Unless you’ve lived in Brazil or done business there, you’ve probably not heard of the Boleto.
The Boleto is a means of transferring money for online purchases or business-to-business transactions. Boletos are used widely in Brazil as an alternative to credit and debit cards. However, unlike credit cards, they don’t offer any real protection to those using them, as there is no charge-back mechanism. Effectively, once you have spent money using an electronic Boleto, the only way to get it back is if the recipient agrees to transfer it back to you.
To those elsewhere in the world, the use of Boletos may seem rather primitive, but their continued presence in Brazil is thought to be because credit in the country is difficult to obtain. The trouble is, the nature of Boletos makes them a perfect target for cyber criminals.
Typical Boleto malware finds its way onto a PC courtesy of an infected email or a compromised website. Once it’s there, it waits until the user visits their Brazillian bank’s website, and quietly changes the details of a newly issued Boleto so that the money is routed to an alternative bank account—and straight into the hands of the criminals.
Often the amounts involved in each transaction are small, but due to the sheer bulk of transactions, these paltry amounts quickly add up.
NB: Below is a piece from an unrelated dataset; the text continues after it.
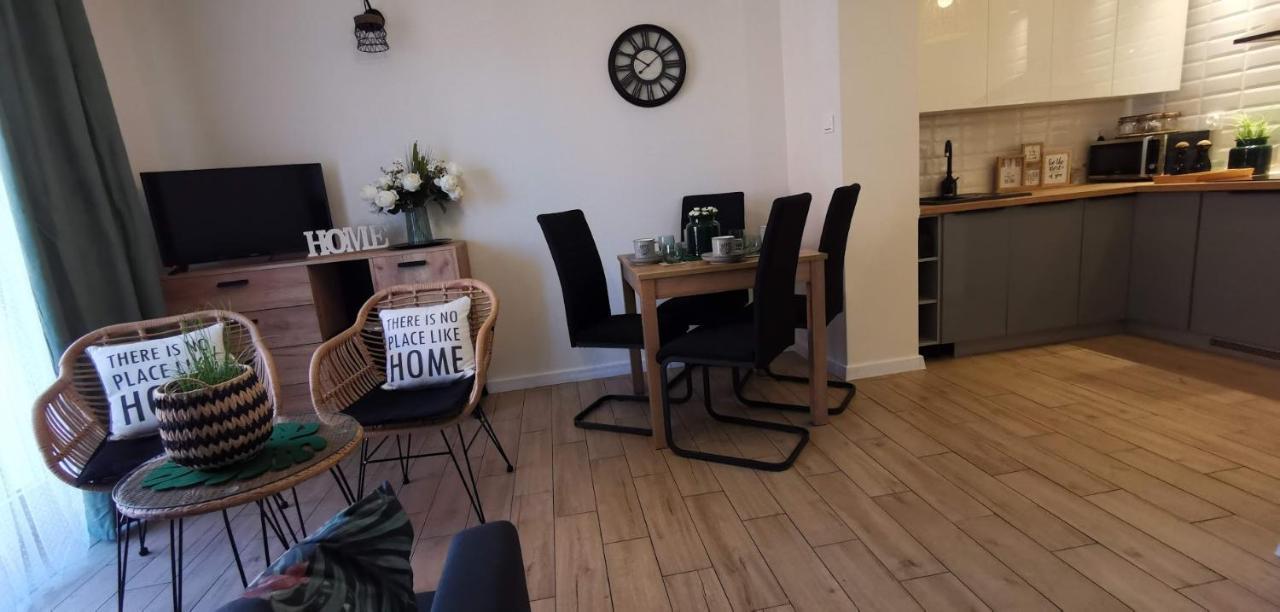 Apartament Kolobrzeg Port Welcome Home Bagian luar foto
Krebson Security cite an example where just one small criminal gang managed to siphon off around a quarter of a Million dollars in just five months.
Brazillian authorities believe this to be the mere tip of the iceberg. It’s estimated that Boleto malware is present on up to 192,000 PCs, affecting over 30 different Brazillian banks.
Brazillian banks attempt to prevent against this threat by insisting that users install browser plugins to stop the malware. However, it seems that the hackers have got wise to this, with sophisticated new versions of the malware now able to disable the security plugins.
The easiest answer to Boleto malware would appear to be some kind of multi-phase authentication for transactions, but no such solution is in place as yet.
Researchers in Brazil are suggesting that, for now, people use mobile devices instead of PCs to conduct Boleto transactions, as the malware isn’t yet sophisticated enough to alter the related barcodes. This is sound advice, as the figures make it clear that Boleto fraud is more than just a rare occurrence. It is, as Krebson Security describe it, a genuine “crime wave.”